WHAT THIS TASK INVOLVES: Take the entries below and reproduce exactly the portion that begins at the line containing "39432904 - Willem" and ends at the line containing "Vizyon Yemek Odası-3156-1", keeping both ends, dropping pictures, and adding nothing else.

RECORDS FOR THE EXERCISE:
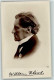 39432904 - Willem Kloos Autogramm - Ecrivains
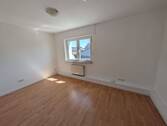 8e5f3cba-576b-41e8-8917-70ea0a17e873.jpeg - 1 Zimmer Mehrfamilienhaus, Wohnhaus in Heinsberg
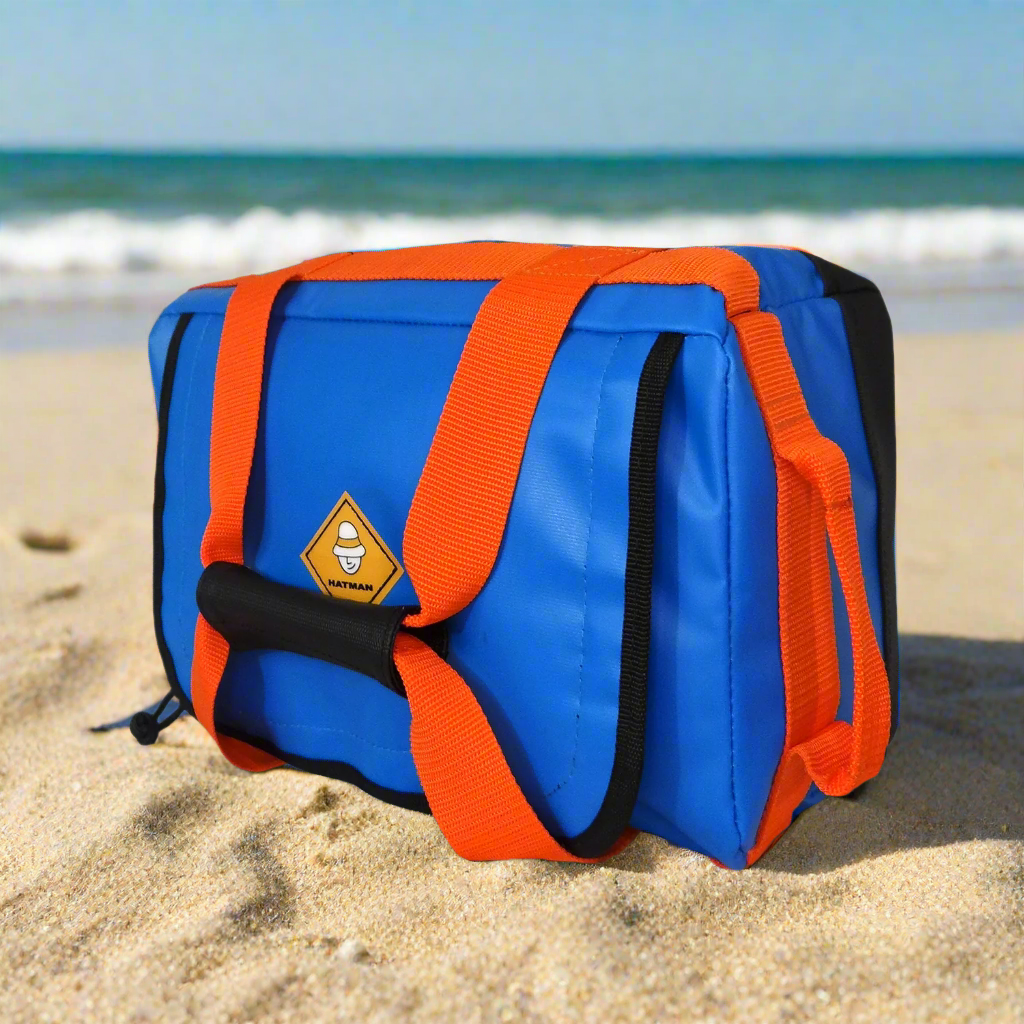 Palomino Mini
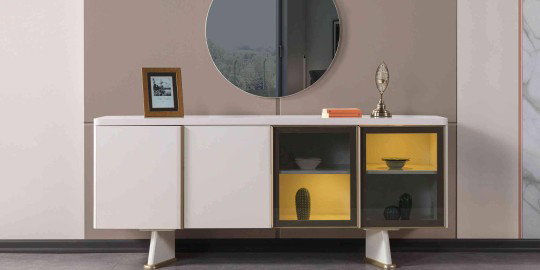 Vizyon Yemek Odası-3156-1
==
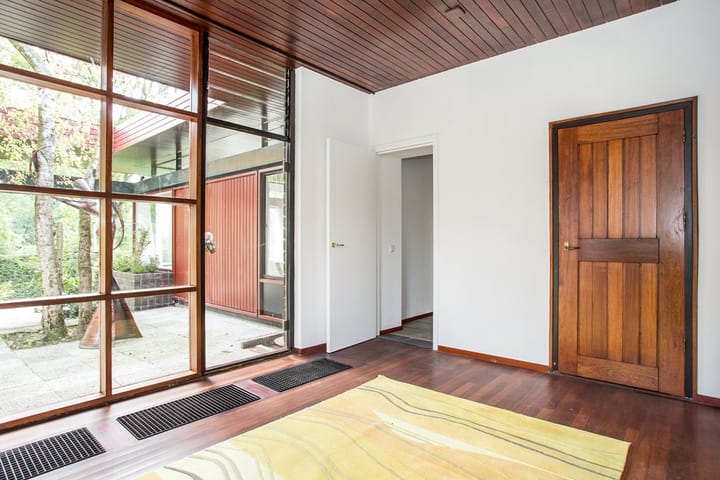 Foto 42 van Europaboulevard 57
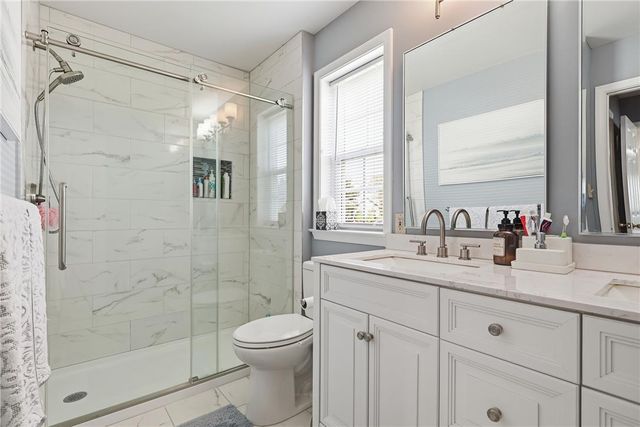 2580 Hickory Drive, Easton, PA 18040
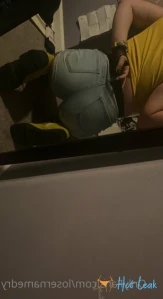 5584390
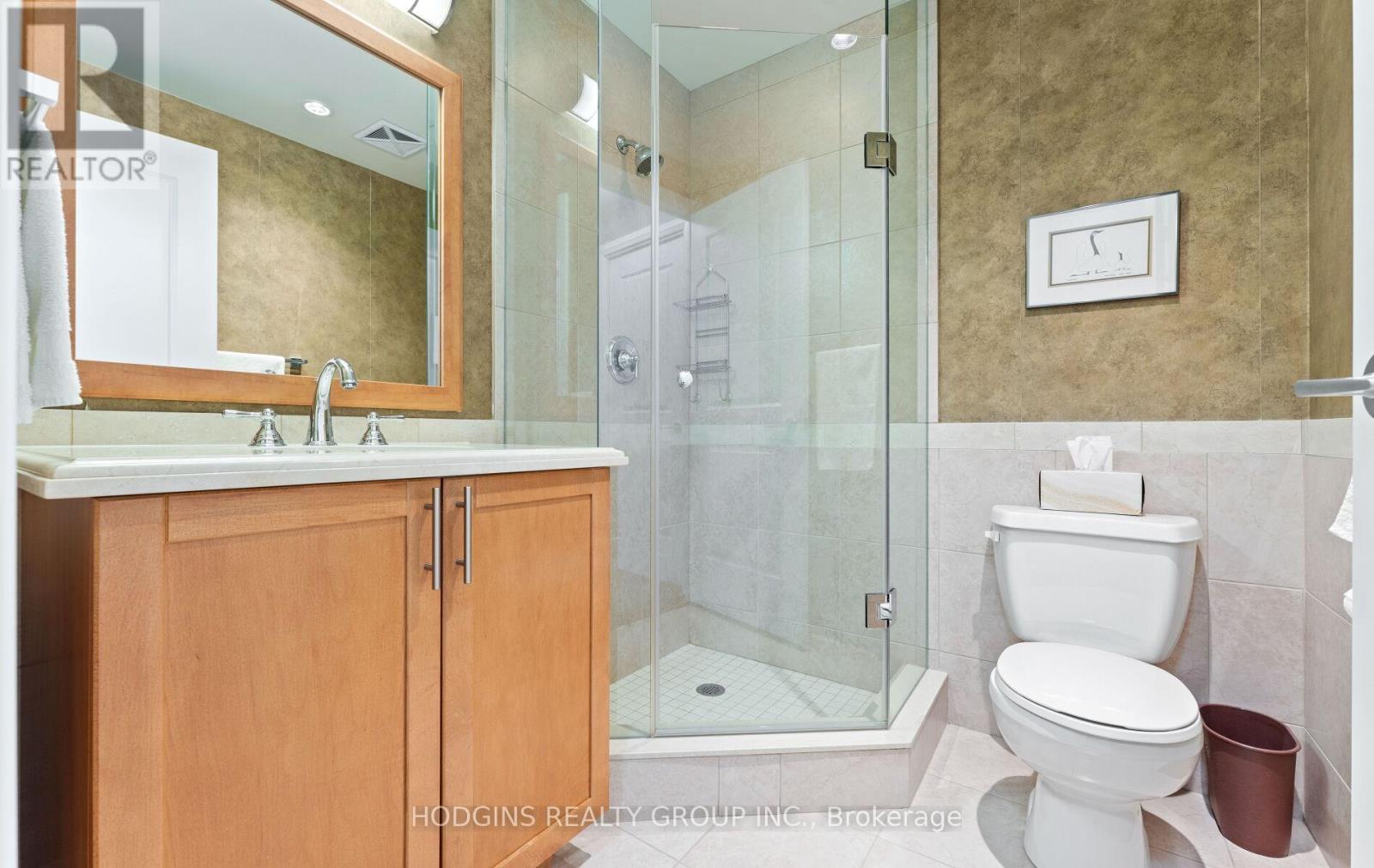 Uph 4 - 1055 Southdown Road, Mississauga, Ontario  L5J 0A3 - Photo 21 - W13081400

SOLUTION:
 39432904 - Willem Kloos Autogramm - Ecrivains
 8e5f3cba-576b-41e8-8917-70ea0a17e873.jpeg - 1 Zimmer Mehrfamilienhaus, Wohnhaus in Heinsberg
 Palomino Mini
 Vizyon Yemek Odası-3156-1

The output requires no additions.